Paper detail

Rigidity, separability, and cusp conditions of a wave function

We introduce in quantum mechanics a concept of \textit{rigidity} and a concept of a \textit{pinned point} of a wave function. The concept of a pinned point is a generalization of a familiar concept in the description of a vibrating string, while the concept of rigidity is introduced to describe the sensitivity of a wave function to changes in energy, potential, and/or external perturbation. Through these concepts and their mathematical implications, we introduce and formulate cusp conditions and cusp functions as fundamental properties of an arbitrary $N$-body quantum system with $N\ge 2$, greatly expanding their relevance beyond the Coulombic systems. The theory provides rigorous constraints on an arbitrary $N$-body quantum system, specifically on its short-range pair correlation that is essential to a better understanding of strongly correlated systems.
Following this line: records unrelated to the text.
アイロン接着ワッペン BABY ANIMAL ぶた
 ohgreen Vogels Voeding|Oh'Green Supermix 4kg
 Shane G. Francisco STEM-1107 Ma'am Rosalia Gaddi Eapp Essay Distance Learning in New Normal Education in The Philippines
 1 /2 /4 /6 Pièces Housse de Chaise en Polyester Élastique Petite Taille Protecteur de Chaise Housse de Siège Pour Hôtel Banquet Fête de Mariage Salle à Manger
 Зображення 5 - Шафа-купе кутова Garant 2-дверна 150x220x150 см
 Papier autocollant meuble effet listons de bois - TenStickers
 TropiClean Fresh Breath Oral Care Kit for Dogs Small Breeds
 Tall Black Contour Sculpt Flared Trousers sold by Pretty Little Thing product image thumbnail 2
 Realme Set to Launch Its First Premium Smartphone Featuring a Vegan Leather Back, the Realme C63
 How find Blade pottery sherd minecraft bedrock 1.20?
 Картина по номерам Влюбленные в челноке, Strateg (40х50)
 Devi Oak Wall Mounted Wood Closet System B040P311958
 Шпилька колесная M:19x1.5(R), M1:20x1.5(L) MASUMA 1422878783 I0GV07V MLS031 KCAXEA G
More broadly, the theory and the derivations presented here are part of a reconstruction of the mathematical and conceptual foundation of an $N$-body quantum theory, incorporating previously hidden properties and insights revealed through the concepts of rigidity and pinned points. It includes general analytic properties of a 2-body wave function versus energy and their relations to cusp conditions and cusp functions. It includes a rigorous derivation and an understanding, in terms of an emergent length scale, of the 2-particle separability in an $(N>2)$-body quantum system and its relations to cusp conditions. It also includes a classification of quantum systems, both 2-body and $N$-body, based on the universal behaviors in their short-range correlation.